La communication prendra pour corpus des textes littéraires contemporains de travailleurs et travailleuses qui représentent cette diversité des formes et apparaissent comme une littérature directement issue de l’expérience du travail, « travail stricto sensu », dans lequel ce sont enracinées ces mises en récit (Schwartz, 1988) : le recueil poétique de Thierry Metz Le journal d’un manœuvre (1990), le récit de Joseph Ponthus, A la ligne. Feuillets d’usine (2019), la fiction romanesque de Thierry Beinstingel, Ils désertent (2012), le récit brut de l’abattement au travail et de la joie des périodes de grève et débrayage Putain d’usine de Jean-Pierre Levaray (2002), rappelant les idées de reconnaissance de soi et de dignité développées par Simone Weil dans les « grèves de la joie » (1951) et le roman de Claire Baglin, En salle (2022). Ces textes seront reliés à d’autres textes d’écrivains et écrivaines travailleurs (Bon, 1982 ; Di Ciaula, 1978 ; Piccamiglio, 1999 ; Vinaver, 2022 ; Sam, 2009 ; Grenouillet, 2014). Nous proposons de lire ces textes, qui ne sont ni des enquêtes ni de simples témoignages, en interrogeant leur portée philosophique et politique : quel dialogue peuvent-ils entretenir avec les constructions conceptuelles et théoriques de la philosophie ?

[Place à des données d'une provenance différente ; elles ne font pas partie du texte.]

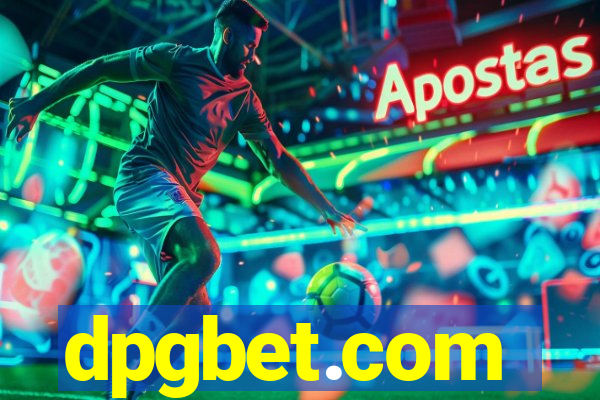 dpgbet.com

La communication s’organisera en trois temps :
-l’analyse des correspondances possibles entre littérature et philosophie : le texte littéraire illustre, exemplifie et constitue une forme d’épreuve subjective des concepts, notamment celui d’aliénation non comme catégorie totalisante mais comme « dépossession » (Haber, 2009 ; Fischbach, 2012).
-le questionnement par la littérature des notions et théories philosophiques et la nécessité d’une pensée de la simultanéité : celle de l’aliénation au travail, dans la structuration très contrainte du travail salarié, fortement hétérodéterminé, assujettissant, et celle des « renormalisations » (Schwartz, 2000), des recherches d’auto-émancipation, d’échappement, de fuite (Schwartz 2000). L’écriture constitue une de ces échappées par le contenu produit, qui décrit ces petites désertions au travail, et par l’activité elle-même qui soustrait le sujet, au moins pour un temps, à ses assujettissements.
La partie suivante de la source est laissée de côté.